In this era of compound bows, with their ultra-lightweight perforated risers, 80% let off, easily-adjusted cams, and other mechanical features, there are still those who prefer a traditional, recurve bow – a flexible arc of layered materials (wood and fiberglass, usually) with a string attached, without cams, rests, or any of the other fancy flourishes of the modern mechanical bow. Although harder to use, since holding weight is very high (meaning it is necessary to draw and loose the arrow quickly, rather than holding your aim steadily for a longer period of time), recurve bows appeal to some sensibilities more than the industrial-age precision of compound bows.
Although they employ modern materials, and make use of modern mathematical analysis and engineering in their design, recurve bows have a timeless feel that is lacking in the wheel-and-pulley system of the compound bow. Recurve bows can be quite elegant in appearance, and although their performance is below that of their mechanical kindred, they are still very effective and can be used for either target shooting or hunting with a good chance of success.

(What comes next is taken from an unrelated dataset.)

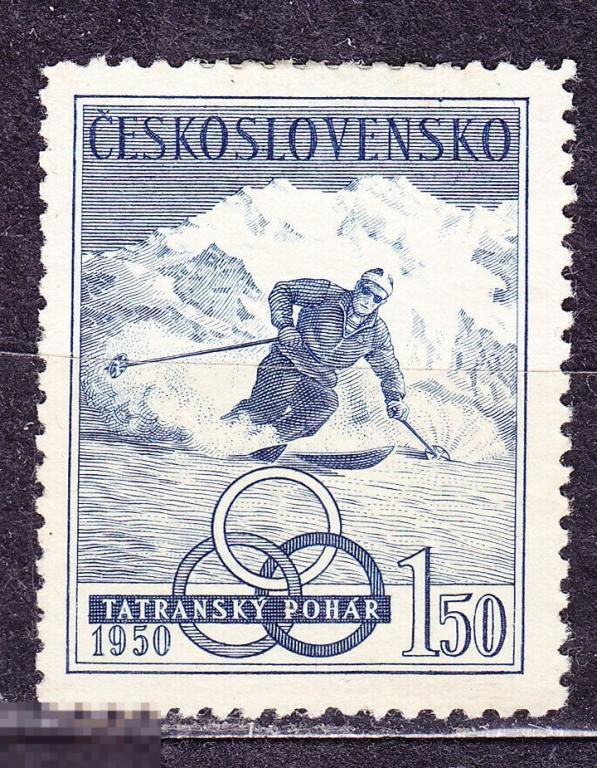 Чехословакия 1950 Спорт лыжи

A good example of a well-made recurve bow is to be found in the Groves Magnum II, a recurve bow made out of a maple core with layers of fiberglass laminated around it, and sold in lengths of 56 inches, 60 inches, or 62 inches. The Magnum II has been engineered to provide very good performance for a recurve bow, and even if it is not quite as fast as the compound models (some of which are over 100 feet per second faster), it is still able to hold its own for speed against most other recurve bows on the market today.
Since it is a recurve and not a compound, the Groves is a large bow, and will require plenty of space to use properly. Standing and kneeling shots are both possible, but you will need to take care not to foul the limbs or string in nearby branches when taking your shot, especially if you are accustomed to the much more compact dimensions of compound bows. The limbs are 1 7/8” wide close to the hand grip – which is itself rather stout, though not uncomfortably so – and are 3/16” thick at the midpoint. The tip of each limb is strengthened with a supplementary layer of fiberglass and wood. There is a 6” sighting slot in the handle section of the bow.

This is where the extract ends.